If these variables are strongly correlated with outcome then you will see some reduction in variance, but re-randomization will work better if you have a large number of predictors with weak associations with the outcome.
An additional option is to create multiple strata, but this can get complicated and runs into issues with finite numbers in individual cells.

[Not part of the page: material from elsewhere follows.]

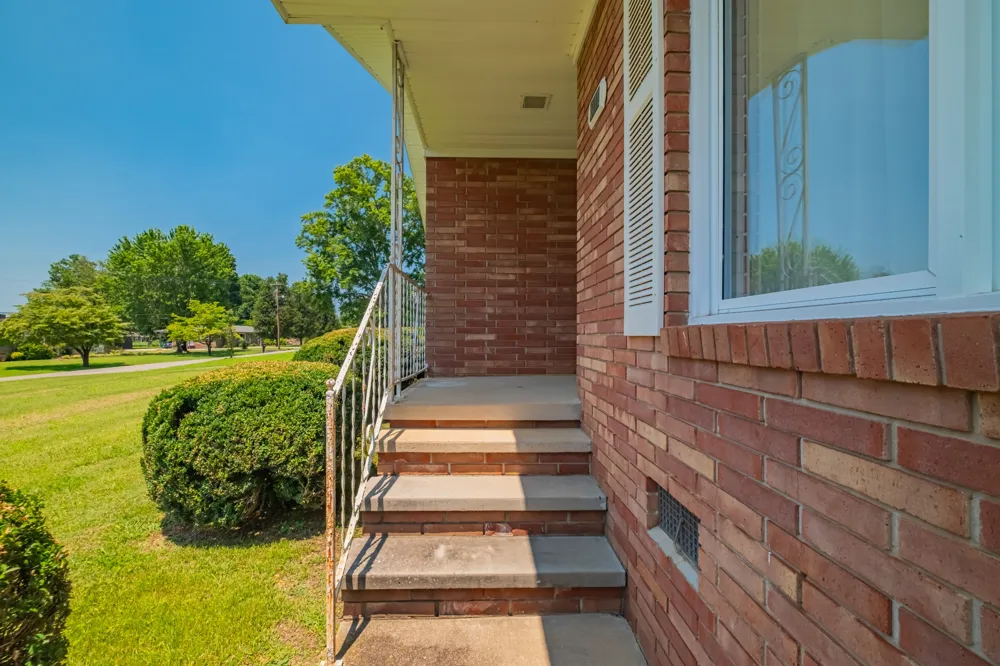 1111 Holders Cove Rd Winchester, TN 37398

It is dependent on sample size, but usually is not feasible to do more than 1:3 stratifications.
The alternative to a single stratification, is to use a multivariate balance measure, create arbitrary strata (since its a continuous measure) and randomly assign within strata.
In this case we are computing the distance of each observation from the group mean.

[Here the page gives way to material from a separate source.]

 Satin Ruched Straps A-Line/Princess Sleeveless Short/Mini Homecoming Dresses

\[ M \equiv ({X_i} - \bar{X}) ' cov(X)^{-1} ({X_i} - \bar{X}) \]
df_mdis <- select(df, vars) %>%
as.matrix(.)
mdis_vals <- Rfast::mahala(df_mdis, colMeans(df_mdis), sigma=cov(df_mdis))
df_mstr <- df %>%
mutate(mdis = mdis_vals, #M-distance values
mdis_cat = ntile(mdis, 4)) # categories M-distance
## 10000 randomizations for M-distance stratification
## Time difference of 1.243111 mins
Not significantly different from simple randomization!

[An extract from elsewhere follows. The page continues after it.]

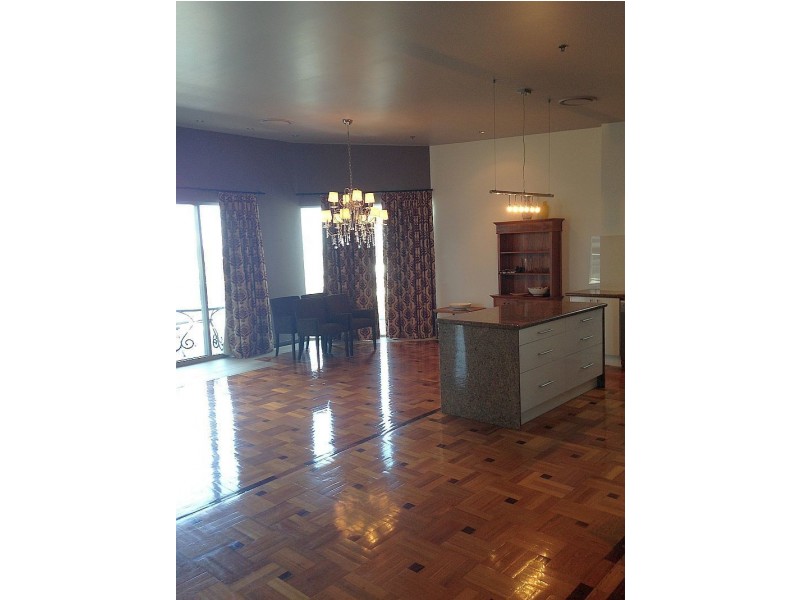 18/30 Tank Street, Brisbane City QLD 4000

## age race gender symptom wtkg hemo msm drugs karnof oprior str2
## age 1.00 -0.07 0.09 0.03 0.18 -0.26 0.19 0.07 -0.11 0.06 0.07
## race -0.07 1.00 -0.29 -0.06 -0.06 -0.08 -0.32 0.10 0.06 0.03 -0.07
## gender 0.09 -0.29 1.00 0.06 0.22 0.11 0.61 -0.17 -0.01 0.06 0.00
## symptom 0.03 -0.06 0.06 1.00 0.01 -0.06 0.11 0.01 -0.10 0.03 0.08
## wtkg 0.18 -0.06 0.22 0.01 1.00 -0.09 0.15 0.00 0.03 0.00 -0.09
## hemo -0.26 -0.08 0.11 -0.06 -0.09 1.00 -0.39 -0.09 0.09 0.02 0.11
## msm 0.19 -0.32 0.61 0.11 0.15 -0.39 1.00 -0.24 -0.06 0.02 -0.02
## drugs 0.07 0.10 -0.17 0.01 0.00 -0.09 -0.24 1.00 -0.06 -0.04 0.01
## karnof -0.11 0.06 -0.01 -0.10 0.03 0.09 -0.06 -0.06 1.00 -0.06 -0.09
## oprior 0.06 0.03 0.06 0.03 0.00 0.02 0.02 -0.04 -0.06 1.00 0.13
## str2 0.07 -0.07 0.00 0.08 -0.09 0.11 -0.02 0.01 -0.09 0.13 1.00
Notice how most variables have very weak correlations? This is why the stratified analysis with a Mahalanobis distance doesn’t perform better than simple randomization. The Mahalanobis distance is an absolute measure from the covariate means, so it balances groups well when covariates are highly correlated (i.e. units grouped together by distance have similar values). But if each variable randomly varies from the mean, then using distance will not balance the groups more than simple randomization. For example, two units could be wildly different by characteristics but technically have the same distance from the means. The only variable which balances at all is MSM which is correlated a little with gender.
If we repeat the analysis using MSM, Hemo, gender, and age.
m_vars <- c('msm', 'hemo', 'gender', 'race')
df_mdis <- select(df, m_vars) %>%
as.matrix(.)
mdis_vals <- Rfast::mahala(df_mdis, colMeans(df_mdis), sigma=cov(df_mdis))
df_mstr <- df %>%
mutate(mdis = mdis_vals, #M-distance values
mdis_cat = ntile(mdis, 10)) # categories M-distance
Mahalanobis distance using only 4 moderately correlated variables.
## 10000 randomizations for M-distance stratification
## Time difference of -2.589606 secs
See how the distance measure performs better when selecting a few correlated variables?